• _AVAILABLE DATA_:

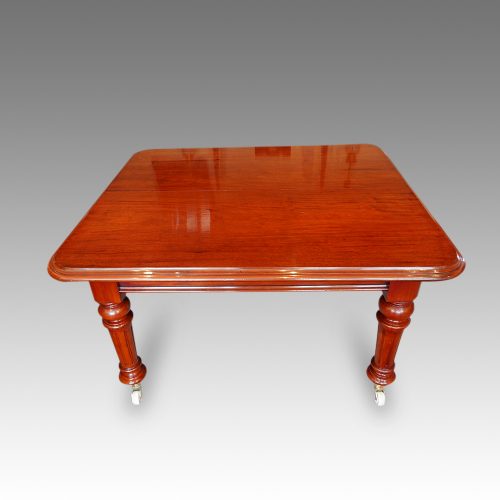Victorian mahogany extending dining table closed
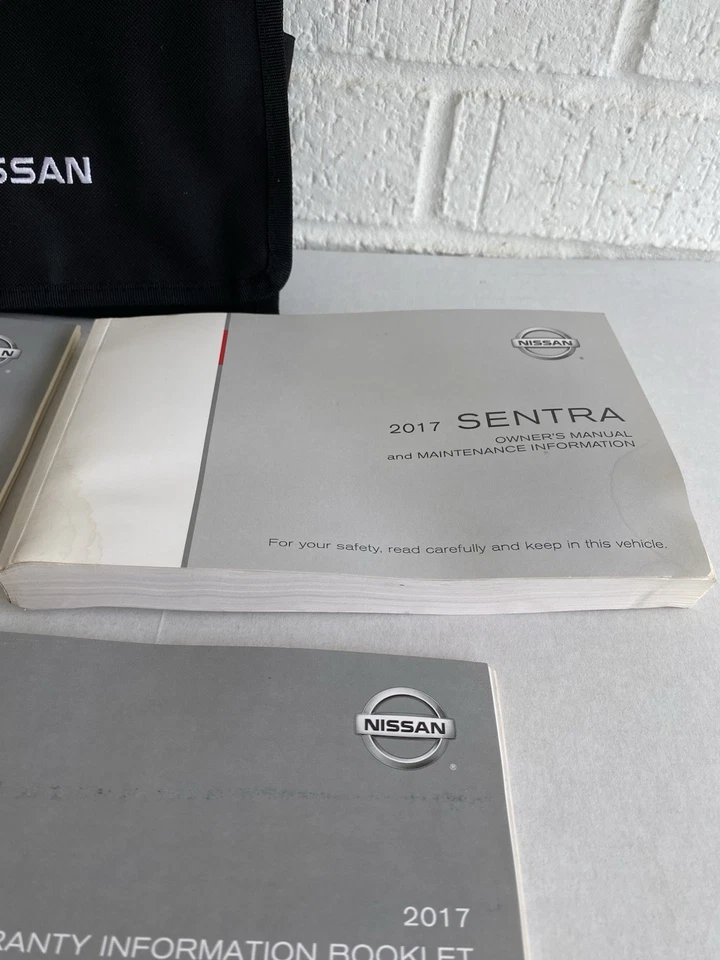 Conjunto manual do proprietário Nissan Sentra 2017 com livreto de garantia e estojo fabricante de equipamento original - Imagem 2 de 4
==
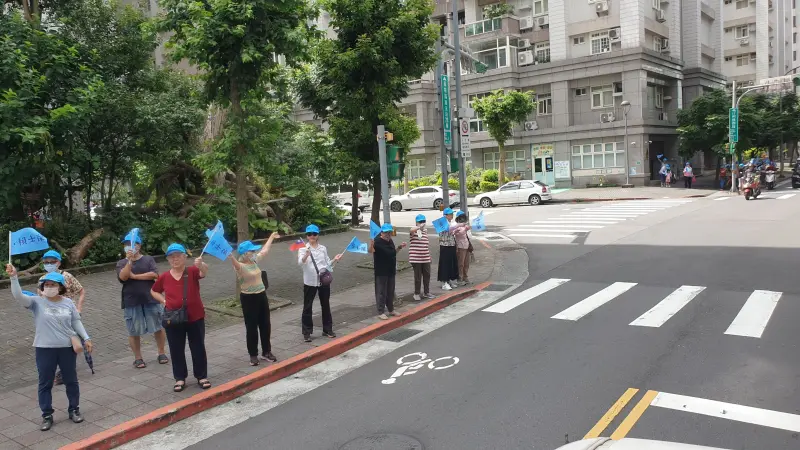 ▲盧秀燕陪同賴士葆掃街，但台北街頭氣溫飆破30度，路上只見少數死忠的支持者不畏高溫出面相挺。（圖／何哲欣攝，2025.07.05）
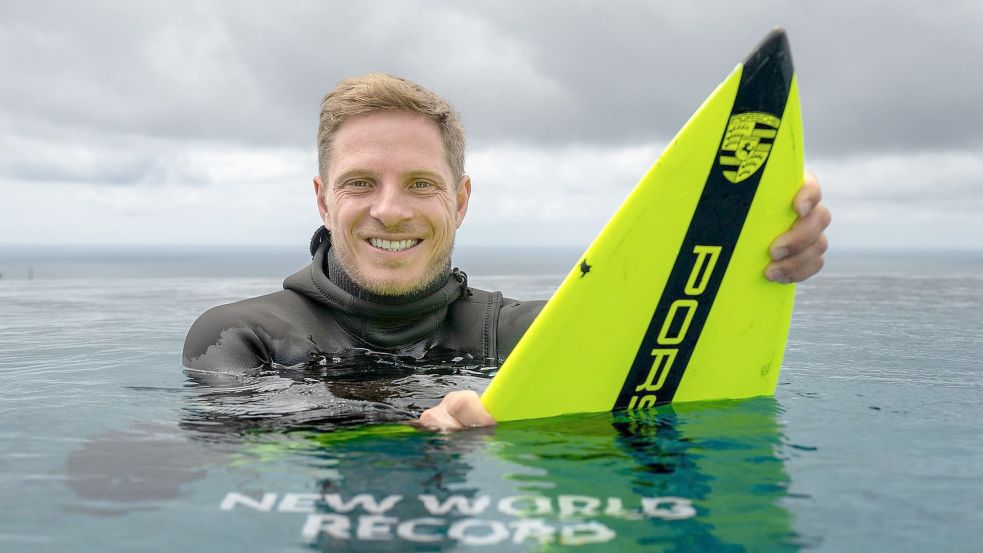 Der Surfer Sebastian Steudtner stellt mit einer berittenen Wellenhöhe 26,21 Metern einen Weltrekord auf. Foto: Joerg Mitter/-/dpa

• _PROBLEM DETAILS_:
Nothing outside the stretch above, from the line with "Victorian mahogany extending" through the line with "Conjunto manual do", is set down. Transcribe that stretch exactly, ends included, but not its pictures.

• _TASK RESPONSE_:
Victorian mahogany extending dining table closed
 Conjunto manual do proprietário Nissan Sentra 2017 com livreto de garantia e estojo fabricante de equipamento original - Imagem 2 de 4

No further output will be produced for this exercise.